Ağaçları, vahası ve doğal yapısı ile çok güzel olan Bishnoi köyünde yaşayanlar hayatlarından memnun.

Ta ki günün birinde, yapılması düşünülen görkemli bir saray için güzelim ağaçlarının kesileceğini öğrenene değin.

Ağaçlarını canları pahasına kurtarmak isteyen köylüler; bunun için bir çıkış yolu arar. Sonunda ağaçlarını korumak için kendilerini bezlerle ağaçlara tek tek sararlar.

Görevli ormancılar kesecekleri ağaçlı bölgeye vardıklarında; tam 294 erkek ve 69 kadının ağaçların etrafına bağlı olduklarını görür.

Onları oradan uzaklaştırmak için uyarıda bulunur ancak başarılı olamazlar.

Nihayetinde o köydeki ağaçları köylülerle beraber katlederler.

İşte o alaycı tabir ilk kez burada kullanılır.

Ağacı kucakla!

Ancak köylülerin yaşamlarıyla ödedikleri bu bedel karşılığını bulur.

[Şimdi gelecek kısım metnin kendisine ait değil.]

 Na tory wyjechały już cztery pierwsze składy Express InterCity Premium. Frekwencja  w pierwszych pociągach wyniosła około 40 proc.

O olaydan sonra ağaçların kesilmesini sınırlayan bir karar çıkarılır ve yayınlanır.

Bu doğal tepki hareketi sadece bununla sınırlı kalmaz.

Günümüz tarihinde 1970 yıllarında, kuzeydoğu Hindistan'da yaşayan kadınların, ağaçlara sıkıca sarılma hareketine de önderlik eder.

Kesilmek için işaretlenen ağaçlarının çevresinde sarılarak halka oluşturan kadınlar sayesinde; birkaç yıl sonra bu pasif eylem Hindistan’ın geneline yayılır.

En sonunda Himalaya bölgesinde ağaç kesme belirli kurallara bağlanır.

Kısacası içinde şiddet olmayan, sadece sevgi barındıran bir hareket tarzı sayesinde ülke genelinde kalıcı önlemler alınmış olur.

Günümüzde ise ağaçların, yeşilliğin önemi çok daha fazla hissediliyor. Giderek azaldığını görmek ve gelecekte dünyanın daha da zor nefes alınabilir hale geleceğini düşünmek ise endişe verici hepimiz için.

Sıcaklıkların dengesizliği, enerji kaynaklarının azalması, buzulların erimesi gibi doğal göstergeler, aslında doğayı daha da ihtimamla korumamız gerektiği konusunda birer uyarı niteliğinde.

Yapılan araştırmalar; yeryüzündeki var olan ormanların bir yılda atmosferden temizlediği karbondioksit miktarının sadece 2.5 milyar metrik ton olduğunu gösteriyor. Oysaki bizim kirlettiğimiz hava oranı bundan çok daha fazla.

Yani ivedilikle yapılması gereken, dünya genelinde yeşil ağaçları ve ormanları artırmanın yollarını bulmak olmalı.

Ardından da o yeşil örtünün bizlere sağladığı katkının minicik bir karşılığı olarak, onlara sevgi ile yaklaşmak ve korumak için adımlar atılmalı. Ağaçların, ormanların önemi her fırsatta vurgulanmalı.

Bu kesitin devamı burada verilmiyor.